EM maximizes likelihoods with latent variables by alternating between inferring hidden structure (E-step) and optimizing parameters given that structure (M-step).

The problem (before → after)

Before: Latent variables make direct maximization of log-likelihood hard.
After: Lower-bound the log-likelihood with a tight bound at current parameters and maximize it alternately.

Mental model first

Imagine sorting blurry photos into albums: first, guess which album each photo belongs to (E-step); then, update album covers (parameters) to best fit the assignments (M-step). Repeat until stable.

Just-in-time concepts

Complete-data log-likelihood; Q(θ|θ^t) = E_{Z|X,θ^t}[log p(X,Z|θ)].
Monotonicity: Each EM step does not decrease the observed-data log-likelihood.
Examples: GMM with closed-form responsibilities and parameter updates.

First-pass solution

Initialize θ; E-step compute responsibilities; M-step update parameters; check convergence of log-likelihood.

Variants: ECM, ECME, generalized EM.
Initialization via k-means for GMMs; annealing to escape poor local maxima.
EM as coordinate ascent on ELBO with q fixed to posterior.

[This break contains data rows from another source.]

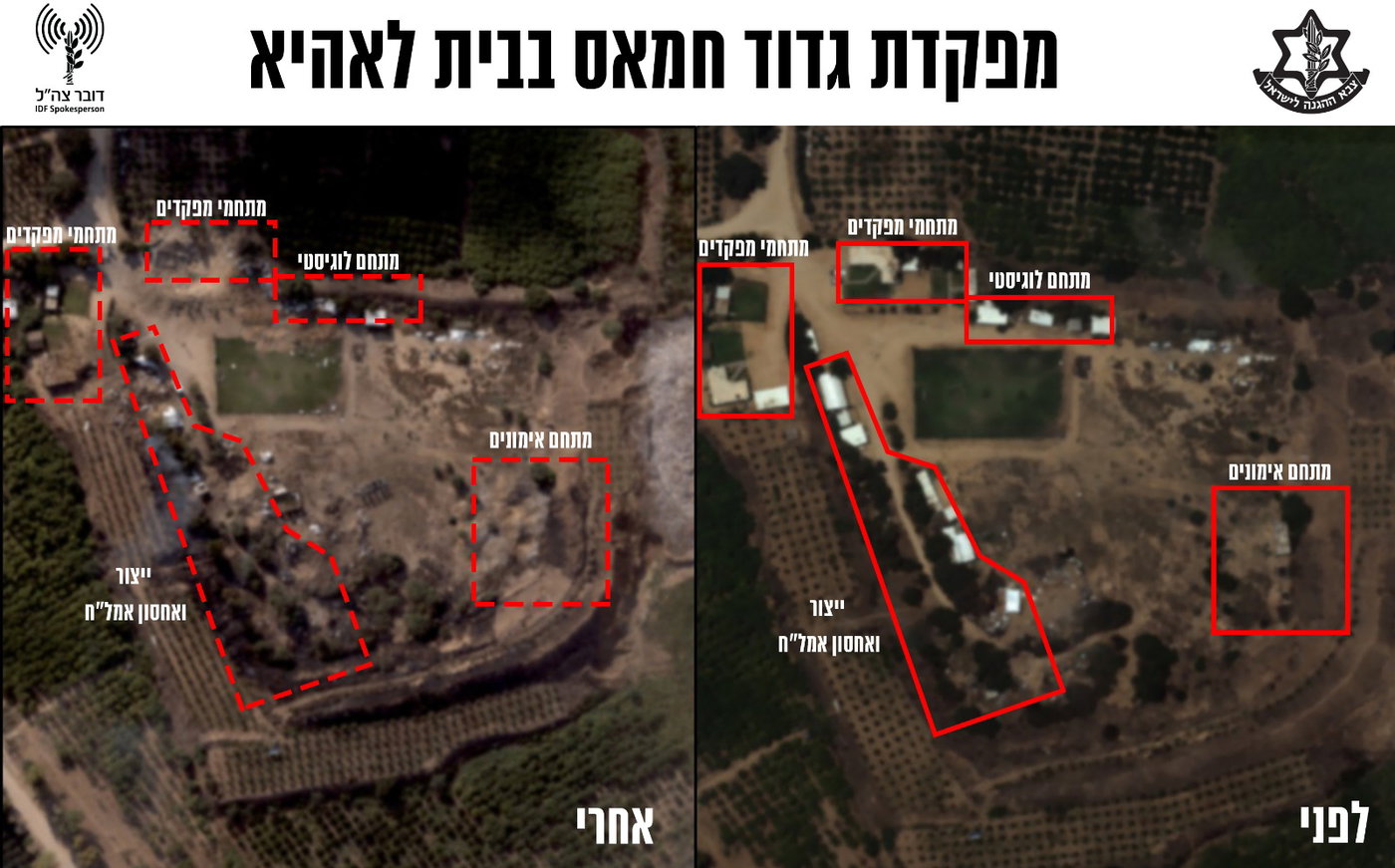 התקיפה בבית לאהיא, לפני ואחרי
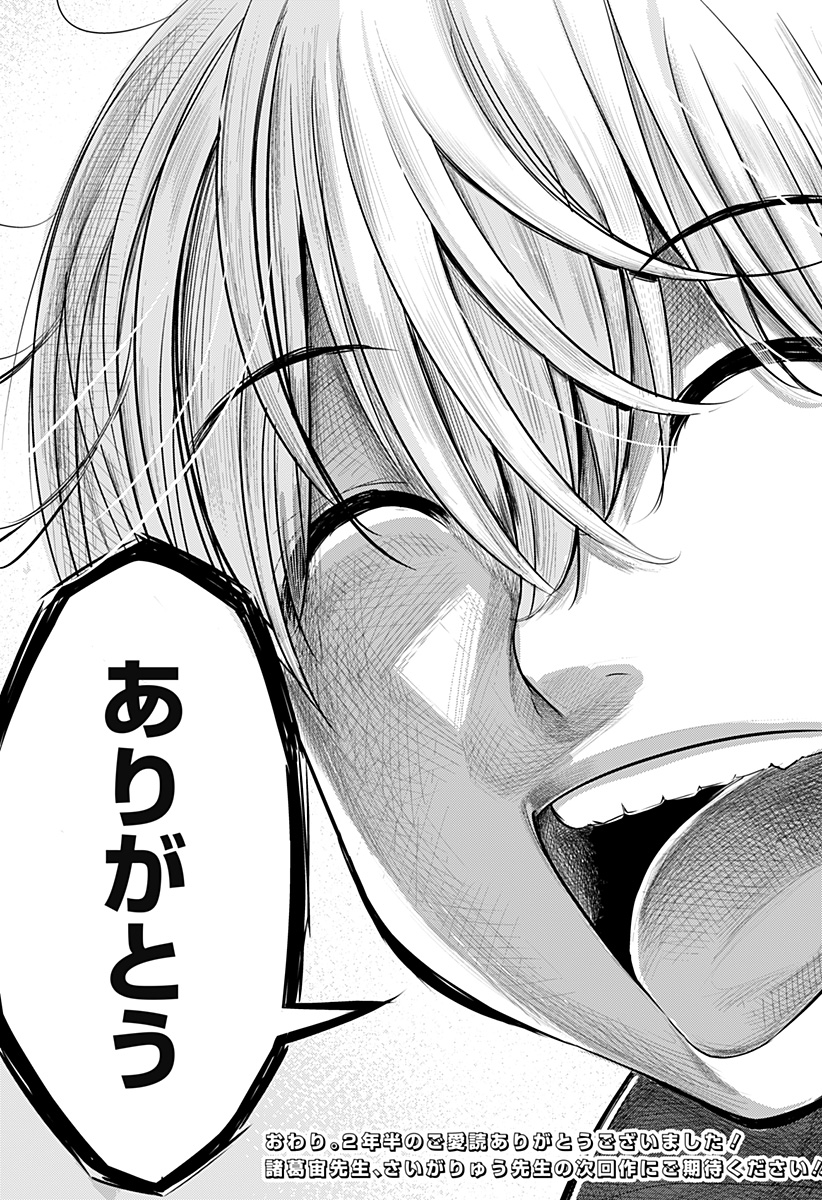 ITOMO TAYASUKU OKONAWARERU JUUSAN-SAI GA IKIRU TAME NO OSHIGOTO - raw - Chapter 61.5 - https://jpdd.ccdd.to/JPDD/itomotayasukuokonawarerujuusansaigaikirutamenooshigoto/207103/5lbpt1zbjv5.jpg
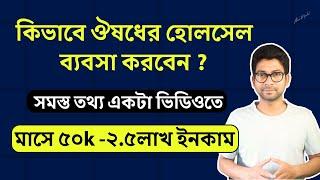 কিভাবে ঔষধের হোলসেল ব্যবসা করবেন ? Medicine Wholesale business in Bangali ! Mentor Ashik Mondal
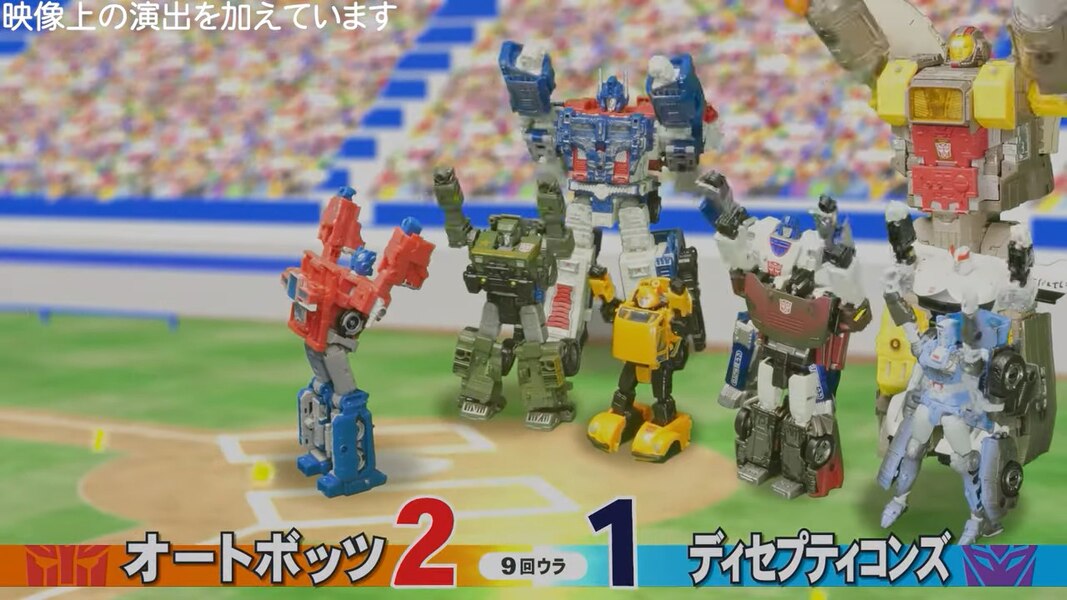 Takara Transformers Baseball Serious Game Stop Motion Animation  (6 of 6)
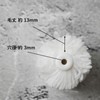 Hake City Mini Small Roller, Microfiber, White, 2 Inch, 13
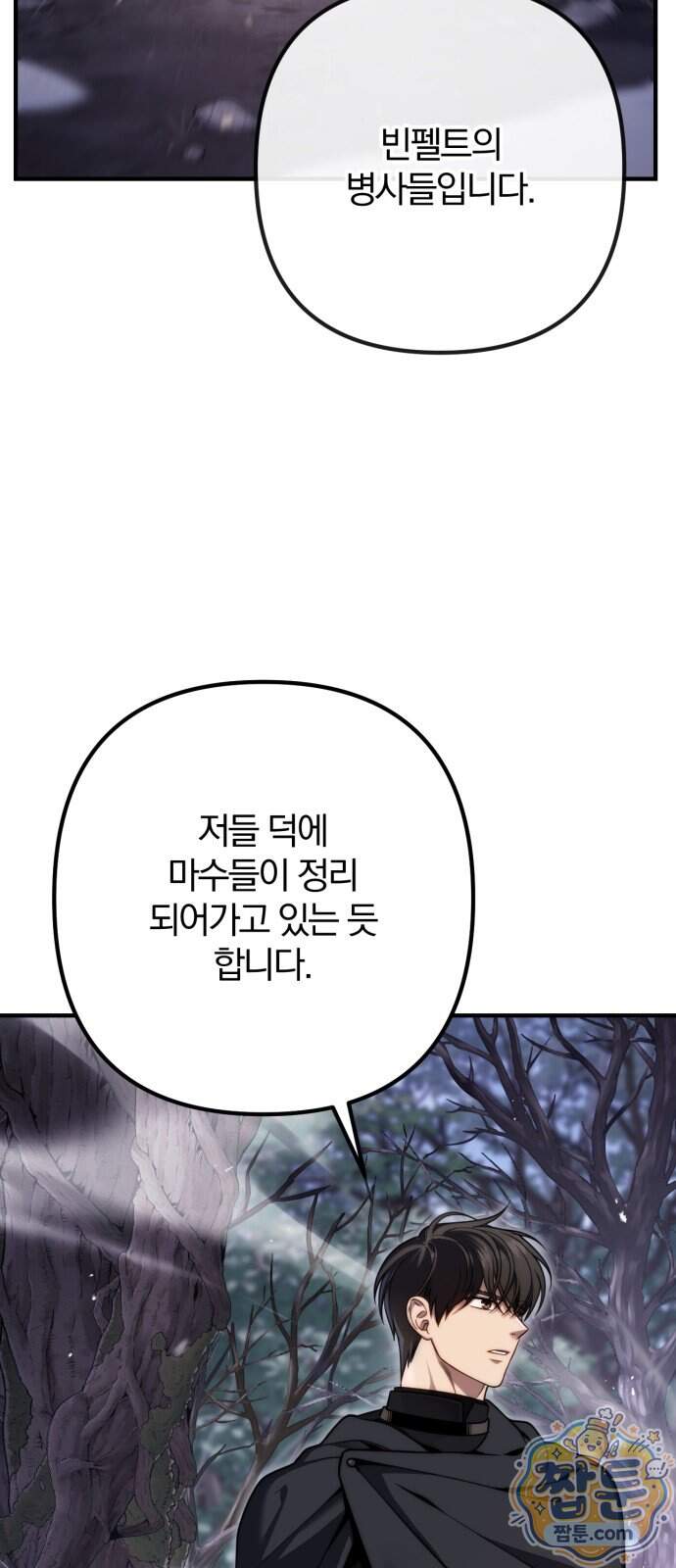 변경백의 10클래스 망나니 19화 37
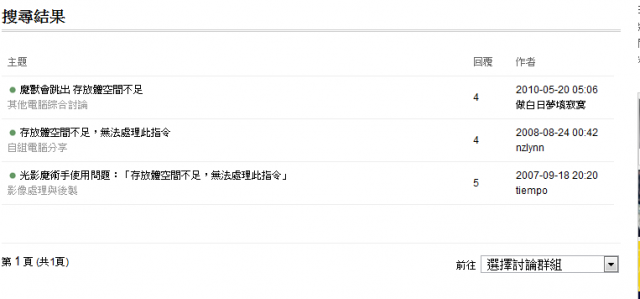 存放體空間不足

Code as a byproduct (GMM E-step)

import numpy as np

def estep_gmm(X, pis, mus, sigmas):
    K = len(pis)
    N = X.shape[0]
    resp = np.zeros((N, K))
    for k in range(K):
        resp[:, k] = pis[k] * gaussian_pdf(X, mus[k], sigmas[k])
    resp = resp / resp.sum(axis=1, keepdims=True)
    return resp

Principles, not prescriptions

Use problem structure for closed-form E/M steps where possible.
Monitor log-likelihood; guard against singularities in mixtures.

Common pitfalls

Poor initialization → local maxima; degenerate covariances in GMMs.
Misinterpreting monotonicity as convergence to global optimum.

Connections and contrasts

See also: [/blog/variational-inference], [/blog/black-box-vi].

Quick checks

Why monotone increase? — EM maximizes a tight lower bound each step.
Why k-means init for GMMs? — Provides sensible cluster seeds.
When use generalized EM? — When exact M-step is hard.